▸ **Assignment**
Please set down the data again exactly, minus the pictures.

▸ **Information provided**
Segment Open
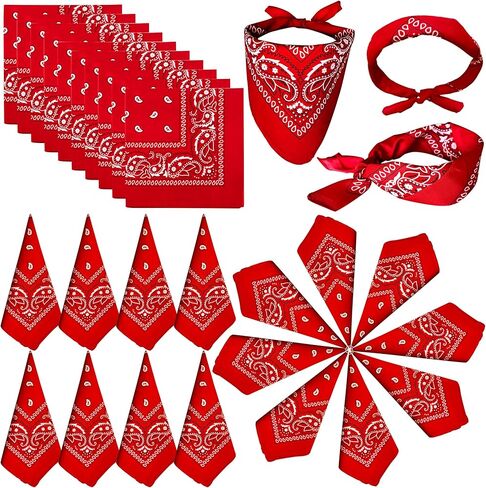 ILHSTY 32 Pcs Women Men Paisley Bandanas Bulk Unisex Cowboy Bandanas Head Scarf Necktie Face Cover Party Supplies in Kuwait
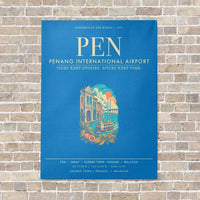 Thumbnail for Penang International Airport PEN - Canvas Framed - Turquoise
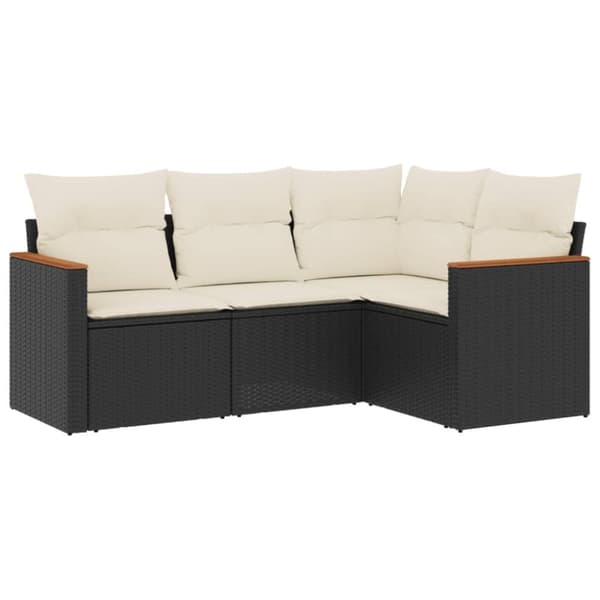 vidaXL sofasæt til haven 4 dele med hynder polyrattan sort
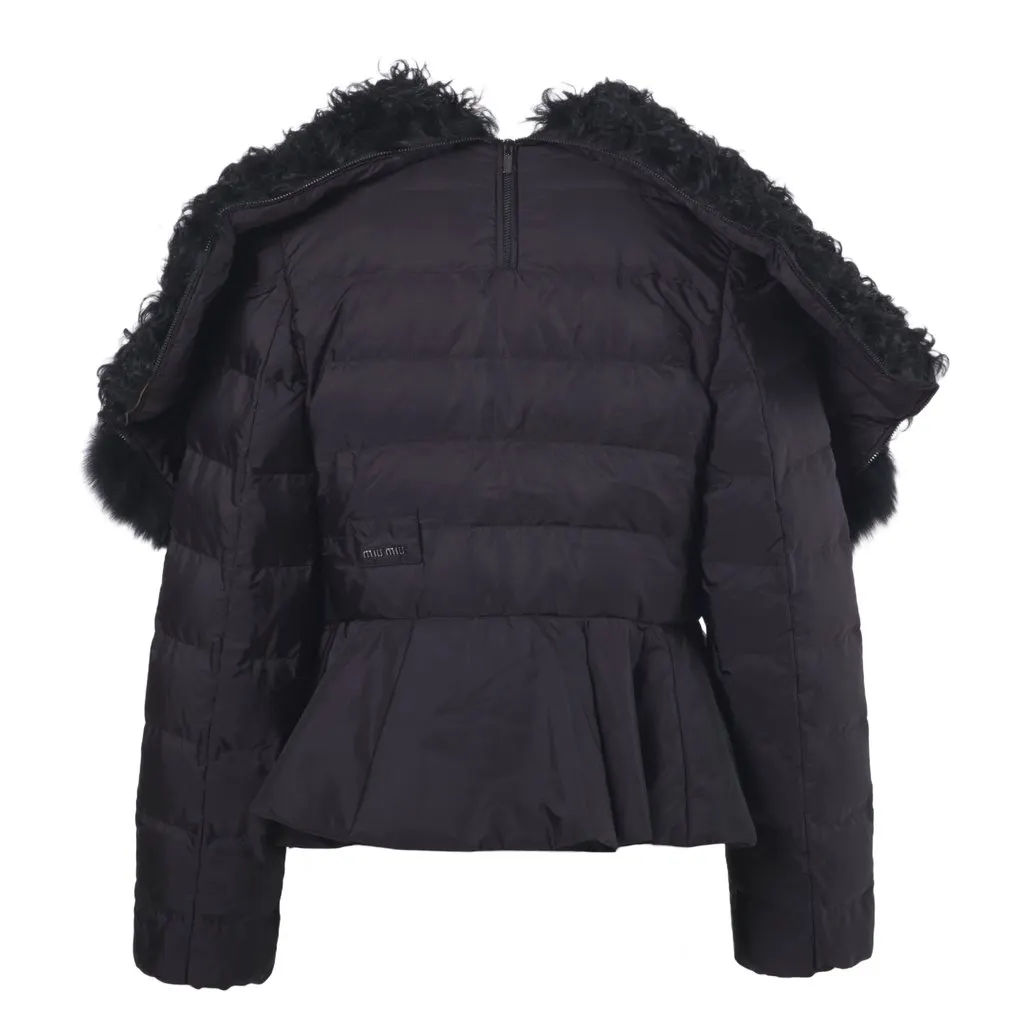 Miu Miu Down Puffer Jacket - '10s Black Shearling Good - Model View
Segment Closed
▸ **Response below**
 ILHSTY 32 Pcs Women Men Paisley Bandanas Bulk Unisex Cowboy Bandanas Head Scarf Necktie Face Cover Party Supplies in Kuwait
 Thumbnail for Penang International Airport PEN - Canvas Framed - Turquoise
 vidaXL sofasæt til haven 4 dele med hynder polyrattan sort
 Miu Miu Down Puffer Jacket - '10s Black Shearling Good - Model View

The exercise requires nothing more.